# Murfreesboro, TN - Young Jack, OTI



## dd (Jun 10, 2003)

Jack is about two years, very playful. Was not getting on with the older lab in the household, may be male dog dominant.

Great with people. He is not on Petfinder, I do not have his ID number.

Rutherford County P.A.W.S. 
285 John Rice Blvd 
Murfreesboro, TN 37129 
Phone (615) 898-7740 / Fax (615) 898-7994


----------



## Borrelli21 (Oct 16, 2007)

Awwwww, he is great!


----------



## CindyM (Mar 20, 2007)

bump


----------



## dd (Jun 10, 2003)

I have heard that Jack is being rescued.


----------



## Strana1 (Feb 9, 2008)

Is this confimed? I was going to work on trying to get him pull and transported to NH.

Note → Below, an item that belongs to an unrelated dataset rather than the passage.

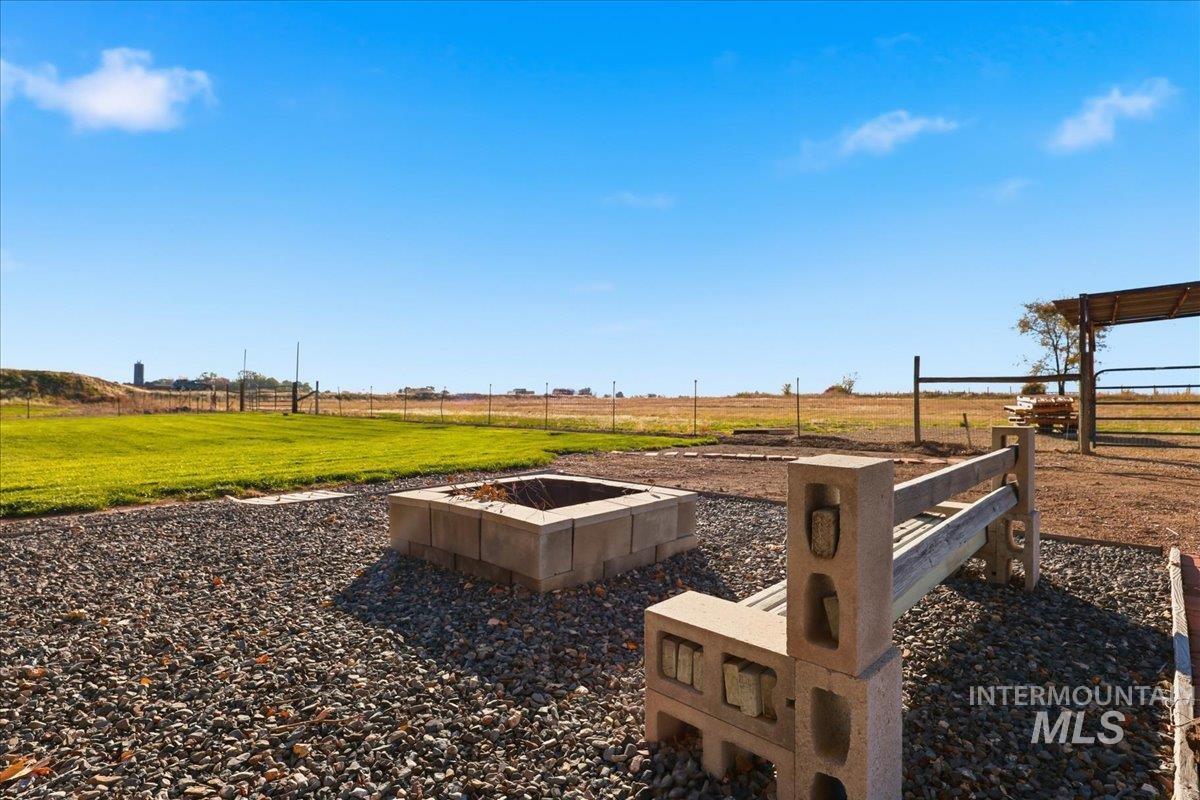 View of yard with a view of rural / pastoral area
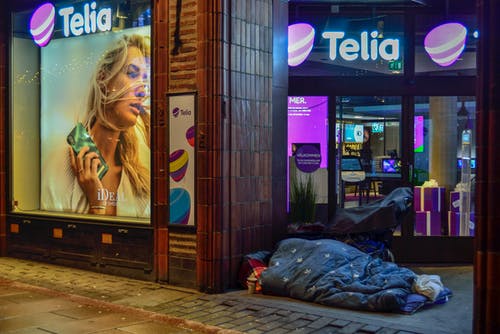 在玻璃窗附近的人行道上睡觉的人 · 免费素材图片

Here is his petfinder link. There is a video of him, they test him with a male choc lab, no issues. He is approached by a 3-4 yo girl and he wants to follow her home. Its heartbreaking.

http://www.petfinder.com/petnote/displaypet.cgi?petid=11129267


----------



## dd (Jun 10, 2003)

I was told a local rescue is pulling him. I have asked to be contacted in the event this falls through.


----------